Sin embargo, hay razones para pensar que una teoría
científica acerca de la Filosofía es insuficiente e incluso radicalmente
insatisfactoria. Se puede hacer aquí, al menos, una doble pregunta, la primera en
relación con la Filosofía y la segunda referida a la propia Ciencia.
En primer lugar, y por lo que respecta a la Filosofía,
puesto que esta también se plantea la cuestión acerca de ella misma, y lo haría
de una manera cualitativamente distinta a como la encara la Ciencia (cuando
menos, esta es una tesis posible), habría que preguntarse: ¿qué relación hay
entre el saber científico o positivo acerca de la Filosofía (de su historia, de
su sociología…) y lo que la Filosofía tenga que decir de sí misma mediante sus quizá
propios métodos, recursos o estrategias? ¿No será preciso analizar el asunto
“también” desde el interior (ya que no se puede hacerlo desde un lugar exterior
a ambas, a Ciencia y a Filosofía)?
De hecho, puede plantearse el problema inverso al del
autoconocimiento: ¿quién puede conocer a uno mejor que uno mismo, en primera
persona? ¿Puede la Ciencia entender adecuadamente aquello que ella acaso no es?

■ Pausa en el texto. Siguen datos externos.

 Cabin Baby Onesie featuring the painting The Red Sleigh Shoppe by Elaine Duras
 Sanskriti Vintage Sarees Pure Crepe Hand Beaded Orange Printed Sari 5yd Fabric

En verdad, puede decirse, cualquier tipo de actividad humana (como no sea, a lo
sumo, la Ciencia misma), es explicada
por la Ciencia de manera solo exterior, aunque nos cuesta mucho ver esto, dada
nuestra relación con ella. El Arte, por ejemplo, no es realmente comprendido
por las ciencias acerca del Arte (Historia, Sociología, Antropología del Arte,
etc.): en un sentido esencial el Arte solo es “comprendido” estética o
artísticamente (que es su modo peculiar de ser) por quien hace arte. Tampoco
las ciencias políticas (en la medida en que son Ciencia, y no ya actividad
política) entienden más que unilateralmente lo que es hacer política. Lo mismo
puede decirse de la Religión: ninguna teoría científica (antropológica,
sociológica, psicológica…) de la Religión comprende propiamente el “fenómeno
religioso”: solo la vivencia religiosa tiene, en un sentido esencial, un
conocimiento de primera mano de ese “fenómeno”, lo que no quiere decir que no
le sea útil también una perspectiva científica, como una artística, y
filosófica[3]. No obstante, ni el Arte,
ni la Política, ni seguramente la Religión tienen entre sus funciones
“comprenderse” a sí mismas, en el sentido de “hacerse objeto de conocimiento”,
tomarse como objeto de verdad o falsedad. En este sentido, su
auto-“comprensión” debe ser siempre entrecomillada. En cambio, la Filosofía sí
tendría por objeto la verdad (como se discutirá después), incluida la de sí
misma. Incluso la reflexión no-científica que el artista, el político, el
creyente… ofrecen de su ámbito, puede argumentarse, es propiamente filosófica
(lo que tampoco quiere decir, como se verá más adelante, que la Filosofía sí
agote la “comprensión” del Arte, de la Política, de la Religiosidad…)[4]. Esto tiene como
consecuencia que la relación de la Filosofía con la Ciencia sea a la vez más
estrecha y más conflictiva que la que
guardan con esta última los otros ámbitos.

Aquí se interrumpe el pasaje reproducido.